Acute myeloid leukemia (AML) is an aggressive heterogeneous group of malignancies resulting from various oncogenic genetic lesions that presents as an accumulation of immature myeloid cells in the bone marrow and peripheral blood. Standard induction chemotherapeutics have remained the front line therapy for AML for over 30 years, and despite being often highly effective at achieving initial disease remission, these responses are often short-lived resulting in relapse and death. Indeed, the overall survival in young adults (<60 years) is <30% [1]. Unlike the ever-increasing repertoire of targeted therapies for lymphoproliferative disorders, currently all-trans-retinoic-acid represents the only targeted therapy in routine clinical use for the treatment of one subclass of AML, acute promyelocytic leukemia, with this approach yielding a more favorable prognosis in this AML subtype than presently achievable in any other form of AML. No targeted therapies are in routine clinical use for the remaining subtypes of AML, which constitute about 90% of all AML patients, and thus, there is an enormous unmet need to develop such targeted therapies.

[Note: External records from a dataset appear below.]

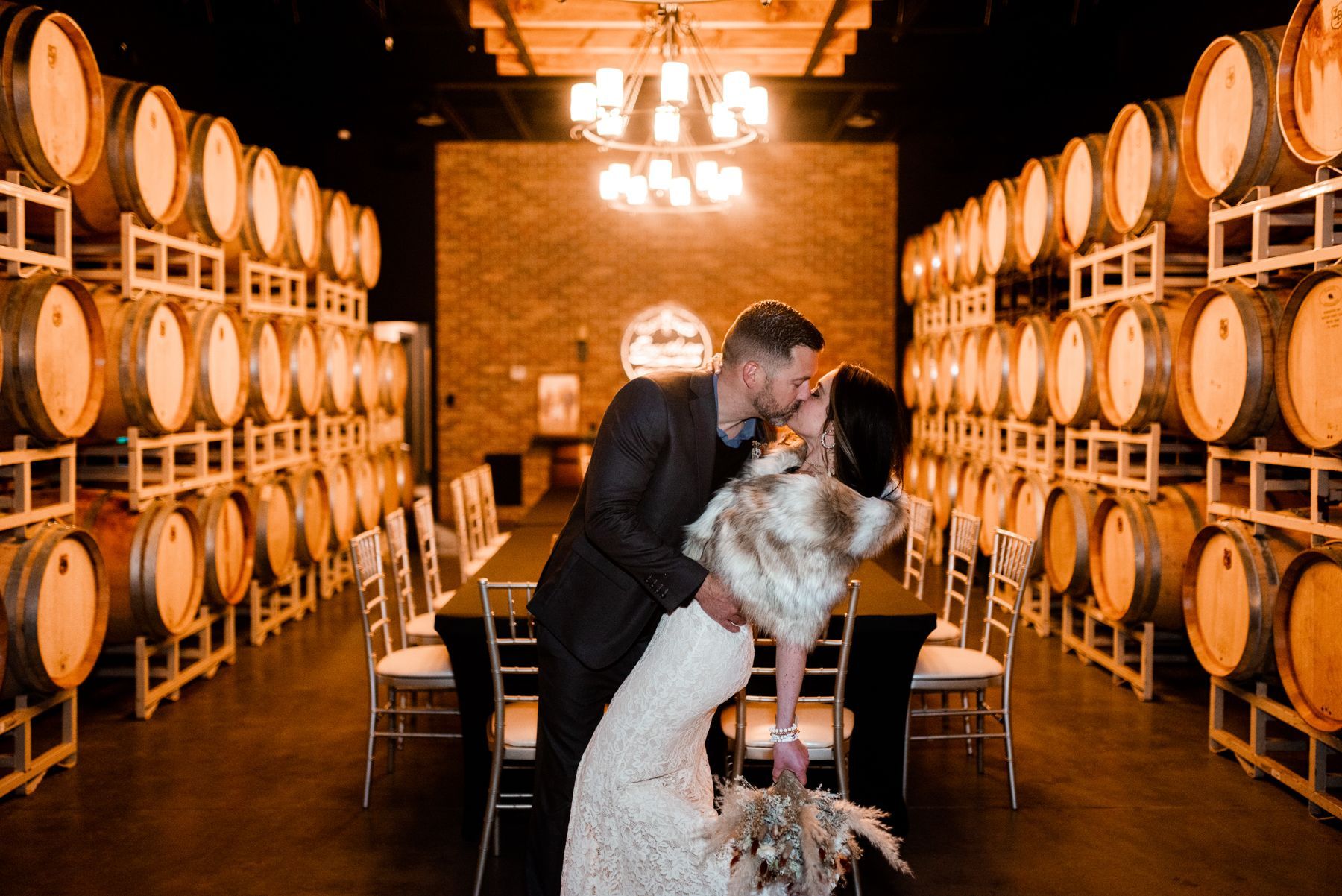A bride and groom are kissing in a wine cellar filled with wine barrels.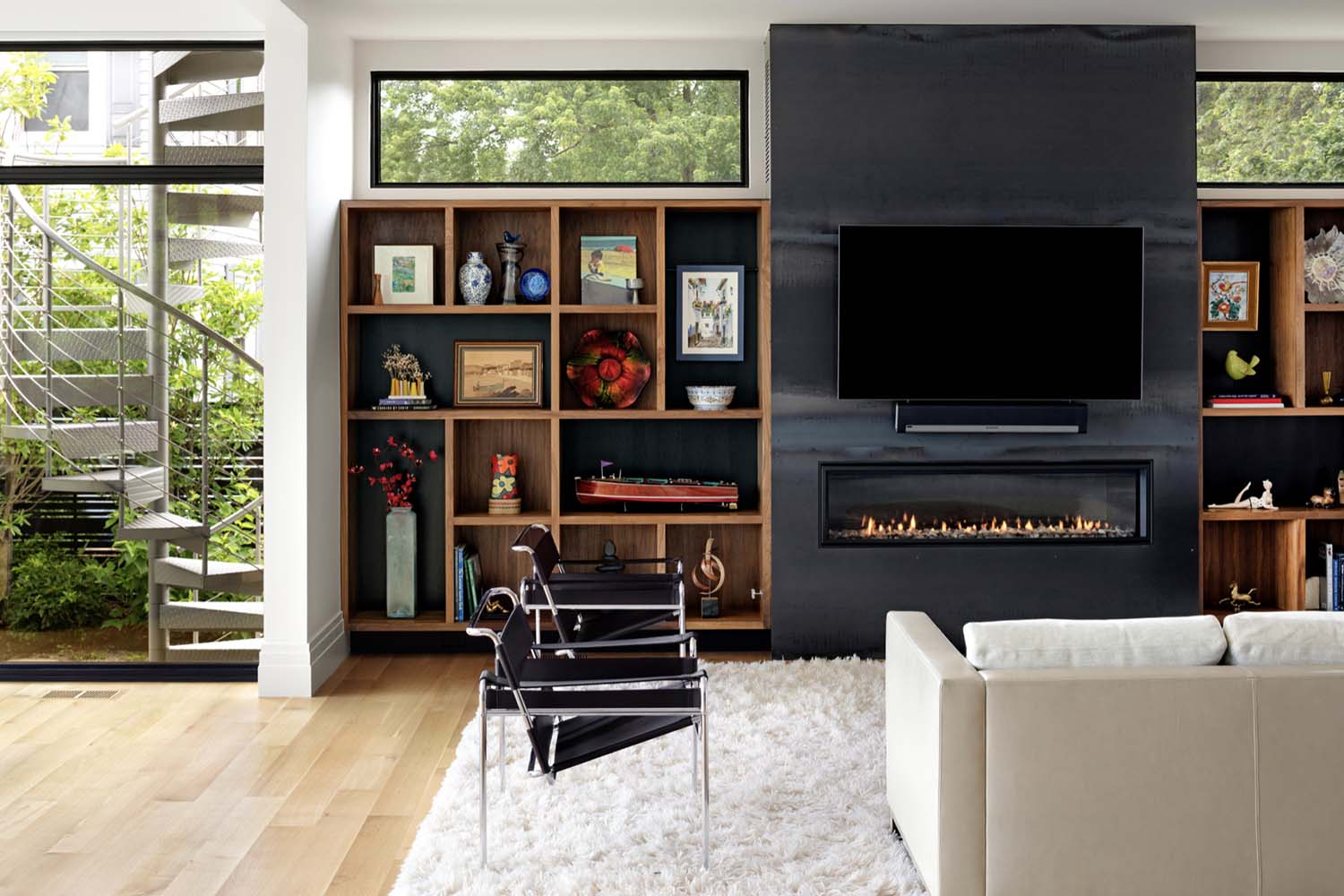 modern-family-room-with-steel-wrapped-fireplace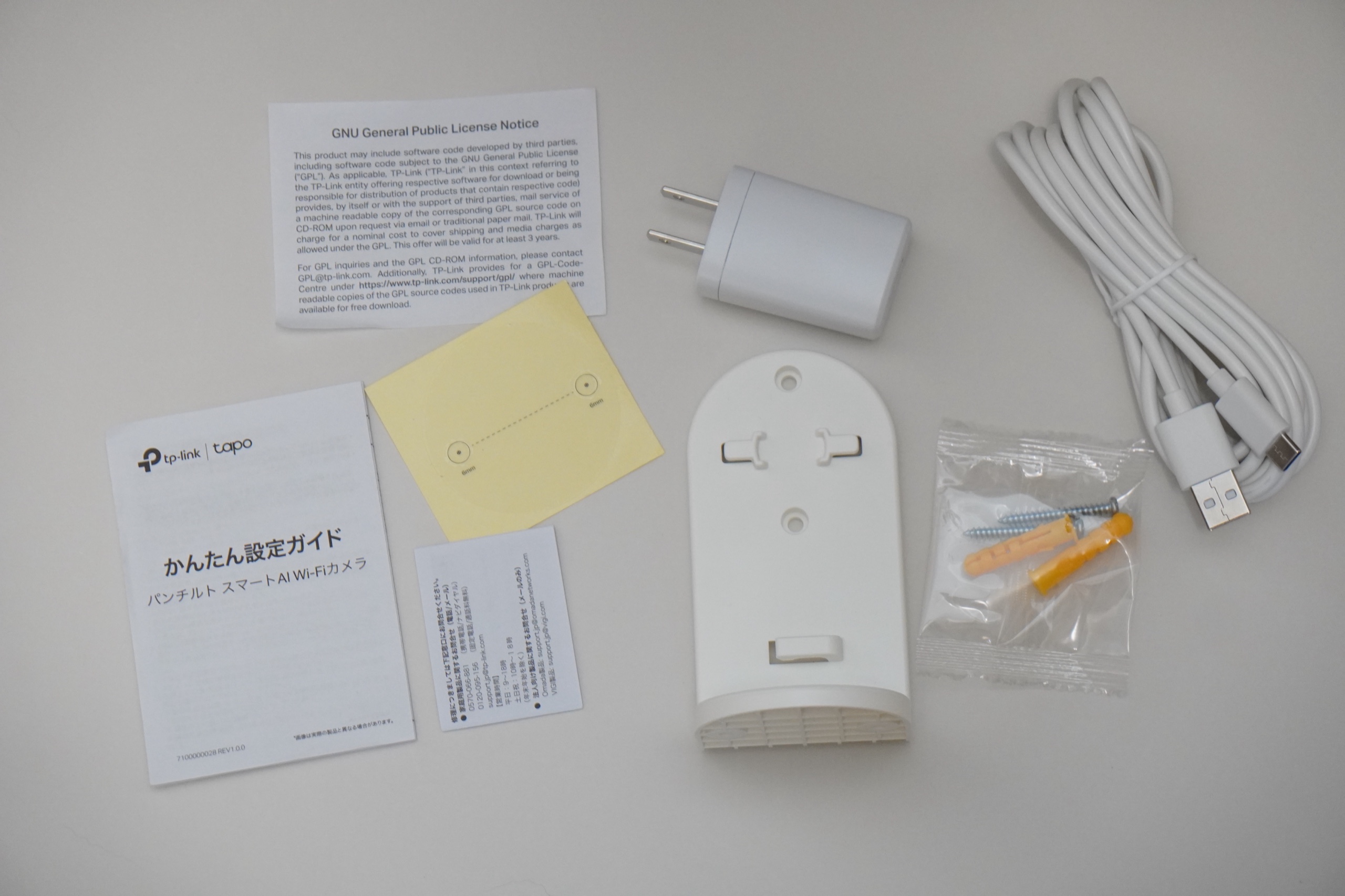 Tapo C260の同梱物一式を白背景で並べた俯瞰。かんたん設定ガイド・位置決めシール・電源アダプター・壁取り付けプレート・ネジとアンカー・長めのUSBケーブル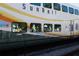 Close-up of a SunRail train with passengers visible through the windows at 1145 Red Buckeye Ct, Deland, FL 32720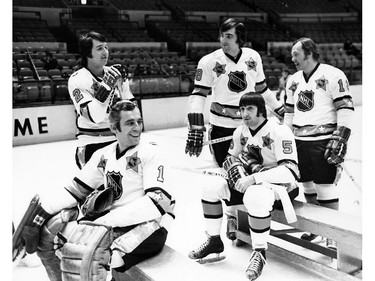 A group of future NHL Hall of Famers await a team photo before a 1970s All-Star Game. From left: Brad Park, goalie Eddie Giacomin, and Canadiens' Serge Savard, Guy Lapointe (sitting) and Yvan Cournoyer.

Sphingolipids are bioactive signaling molecules present in all cells that are emerging as potentially important antileukemia targets [2]. Central in the sphingolipid biosynthetic pathway is ceramide, a proapoptotic mediator that is produced de novo by ceramide synthases and efficiently converted to the prosurvival mediator sphingosine 1-phosphate (S1P) through a series of enzyme reactions. One such reaction is the conversion of ceramide to sphingosine by a family of five ceramidases, including acid ceramidase (AC), and then to mitogenic S1P by the sphingosine kinases (SPHK1 and SPHK2) [3]. Targeting this pathway from ceramide to S1P is not in itself a new concept, with numerous preclinical studies in a wide range of cancers demonstrating that increases in cellular ceramide or reduction in S1P have favorable anticancer effects [4]. However, there has been considerable recent interest in targeting this pathway as a means to induce AML cell death, with independent findings in the last year showing AML cells have heightened dependence on this pathway, with AC and SPHK1 found to be upregulated in primary AML blasts, and that targeting these enzymes results in effective induction of apoptotic cell death in these cells [5,6]. Furthermore, other recent studies have demonstrated that the oncogenic internal tandem duplication mutation of the FLT3 receptor tyrosine kinase, common in AML, mediates AML cell survival and resistance to chemotherapeutics via blocking ceramide synthase 1, and thus, reducing the cellular levels of proapoptotic ceramide [7]. Thus, the sphingolipid pathway shows considerable promise as a target for new AML therapies.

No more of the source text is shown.